Better Proof of Sylow’s First Theorem
There is a proof of the first Sylow Theorem that I much prefer to the standard one (which involves looking at the class equation and doing induction). I found it in some notes by Peter Cameron, and he says that it is the original proof that Sylow used. I prefer it because it is for me more intuitive, it involves group actions, and it has more mathematical flavor.

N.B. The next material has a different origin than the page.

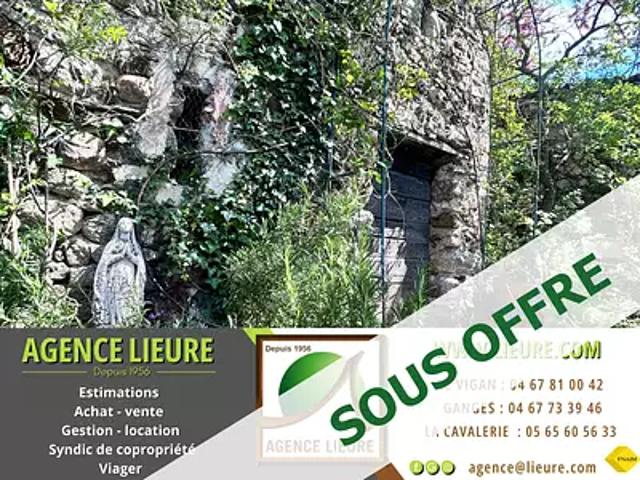 Maison vente à Le Vigan, Bréau-et-salagosse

Suppose $G$ is a finite group. For any prime $p$, define a Sylow $p$-subgroup of $G$ to be a group of order $p^n$, where $n$ is the highest exponent such that $p^n \mid \# G$. Sylow's First Theorem says A finite group $G$ has Sylow $p$-subgroups for all primes $p$. Note by the definition that the Sylow $p$-subgroup of $G$ is the trivial group for all primes $p$ such that $p \not \mid \#G$. Lemma: A group $G$ has a Sylow p-subgroup iff there is an action by $G$ on a set such that all stabilizers are $p$-subgroups and there exists an orbit of size coprime to $p$. Proof: (==>) The stabilizer of the orbit which is of size coprime to $p$ is a Sylow $p$-subgroup.

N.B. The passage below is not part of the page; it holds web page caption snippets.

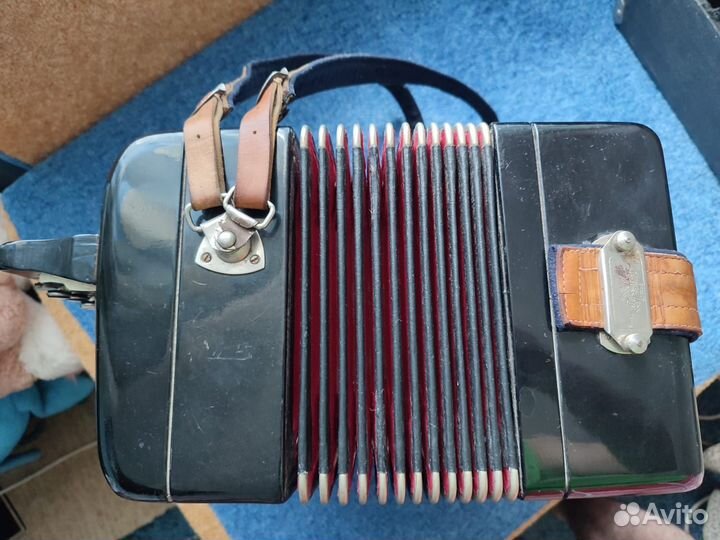 Баян тульский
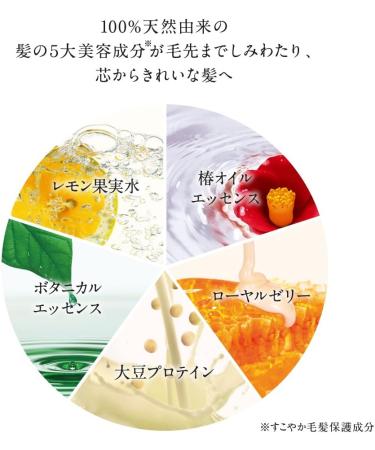 Tsubaki Shiseido Soft Shiny Hair Conditioner 450mL - Buy Online on GoSupps.com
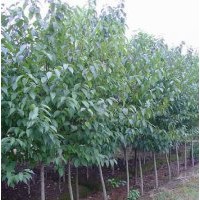 長期低價(jià)供應(yīng)杜仲、杜仲苗、杜仲種子、絲綿木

(<==) Suppose $P < G$ is the given group. Let $G$ act on the cosets of $P$ by multiplication. It's a transitive action with a single orbit of size coprime to $p$, and the stabilizers are all of the same order as $P$ itself. QED
Lemma: If $G$ has a Sylow $p$-subgroup, then all subgroups of $G$ have Sylow $p$-subgroups. Proof: Suppose $H<G$. Take the action as in the previous lemma, and restrict the action to $H$. Clearly the stabilizers remain $p$-subgroups (they are subgroups of the stabilizers of the $G$ action). To show that there remains an orbit of size coprime to $p$, consider the orbit of the $G$ action that is coprime to $p$. It breaks up into smaller orbits under the action by $H$, and they cannot all be divisible by $p$, or else the original orbit would be divisible by $p$. QED Lemma: $GL_n(\mathbb{F}_p)$ has a Sylow $p$-subgroup. Proof: Recall that $GL_n(\mathbb{F}_p)$ has order $p^{n(n-1)/2}(p^n-1)(p^{n-1}-1)\dotsb(p-1)$. And note that the upper triangular matrices with ones on the diagonal have order $p^{n(n-1)/2}$. QED
Now prove the theorem by noting that every group $G$ is a subgroup of a symmetric group $S_n$ by Cayley's Theorem, and $S_n < GL_n(\mathbb{F}_p)$ by the permutation matrices.